I honestly think baby brain is real and I'm far less clever than I used to be!
I think 'baby brain' is true for the person who does most of the night time care, the planning of child care, the person who take on all the additional complexity of planning a demanding job/commute/career progression on top of wanting to be parent - typically that (still) remains the mother, but it does not need to be like that.
Beware trying to be super woman and make sure that your child's other parents shoulders just as much of the planning and execution of making this work as you do.
I loved going back after DS1, it gave some 'me'' time where I could be myself again. I had a wonderful childminder so I knew my son would be ok, and I really enjoyed being back among adults that talked about something other than babies!
Although I was focussed before, I was even more so when I went back as I wanted and got a promotion which in turn made family life easier with money etc.
On maternity leave again now and have another 3 months till I'm back at work. Although I'm loving being on may leave, I'm also really looking forward to going back to work.
Try and think of the positives and go back with a good attitude and you'll be fine! X
6pm hangs over you like a death sentence because you have to leave on time (or more usually 6.55 hoping I can do 5 miles in 5 minutes)
Your head is full of other things (do we have milk, was she meant to wear red to nursery, shit when is the Easter bonnet parade) so that when people refer to conversations you had the previous day you look at them totally blankly.
If you weren't a list writer before, start writing lists. Because your short term memory is probably a bit dodgy now.

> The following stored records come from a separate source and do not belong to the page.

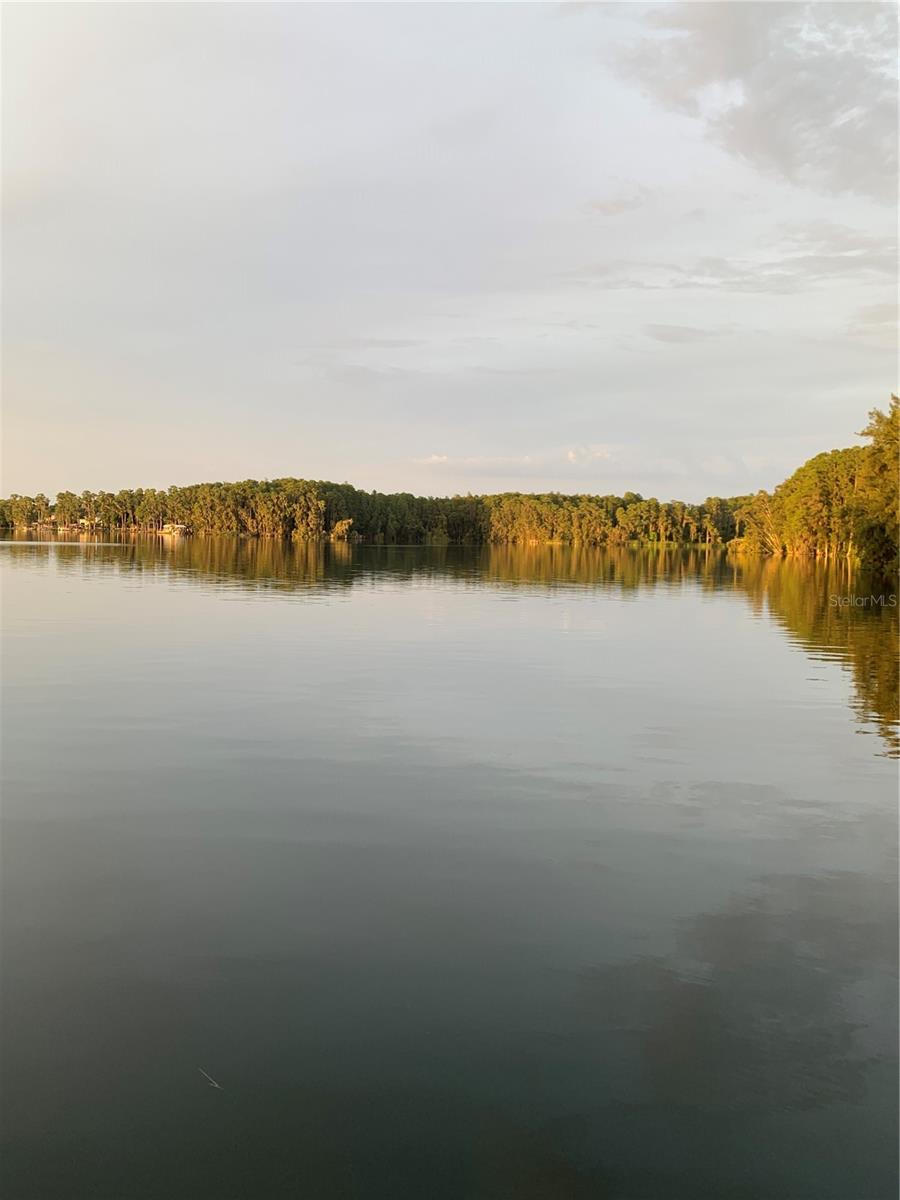 Image 87 of 90 For 2566 Lake Manor Drive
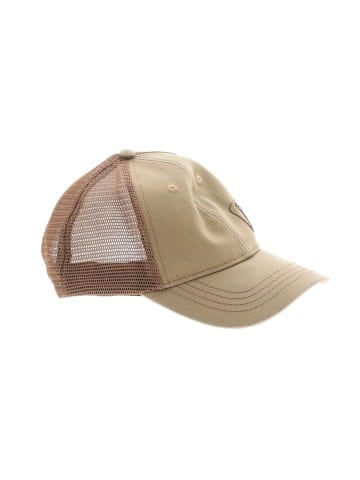John Deere Baseball Cap (view 1)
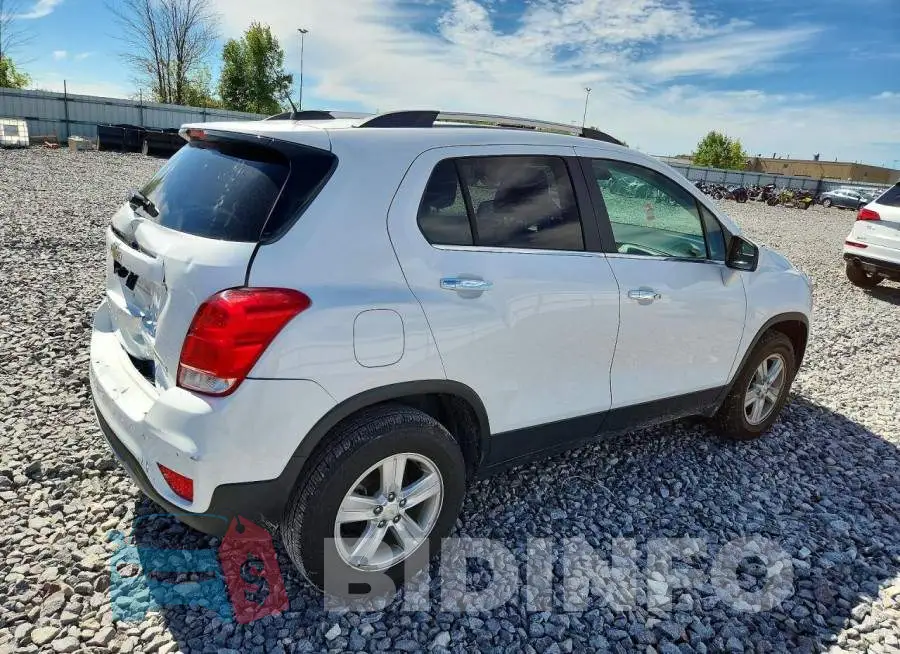 KL7CJPSB7JB608442 Photo# 3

You will be more efficient and not waste time chatting though!
I love it really nice to be me, and not just some woman who gets little people food, and I am pretty good at giving work 100% of my attention. I'm struggling because I'm trying to do a full time job in part time hours and altho DC are not terrible sleepers, they don't sleep through.
I'm glad I'm back as I need the adult company but it is bloody hard. I'm a lawyer so long hours and unpredictability are par for the course. My role also involves some travel. I feel like I'm doing everything badly - not giving the job my all and too knackered to really engage with my daughter in the evenings. I also don't feel like my brain is firing on all cylinders, as a result of sleep deprivation (she has slept through since a year ago but I still haven't recovered). I am permanently shattered. I keep waiting for it to improve but I've been back for over two years and it hasn't yet!
I was a bit of a faffer before I had kids, I used to waste time chatting etc after school hours. When I went back I became so focused, I would get in early and get more done in the hour before school than in two hours after school before mat leave.
Basically it made me incredibly organised and efficient.
I was lucky in that my DH worked from home though, and did the school run etc. I had no juggling childcare issues to cope with so feel I had a pretty easy ride.
Totally fine and I was promoted within six months. I was also an in early, home late type before DD, but having her made me re-prioritise. I'm now very strict and unapologetic about leaving on time and not working during days off (Although I still do occasional work out of hours when it suits me and dd is in bed).
My view of work has changed massively; it is now very much second to family time but I also probably value it more than I did before. It is time when I can be "more" than just dds mum (I don't mean this as a slight to sahps, I'm not cut out to be one and would find it hard to cope if I didn't work too). Having brilliant childcare is the biggest factor in it going so well. We pay a fortune for it, but dd is thriving there and loves it, which means I don't feel that guilt that so many working mums do.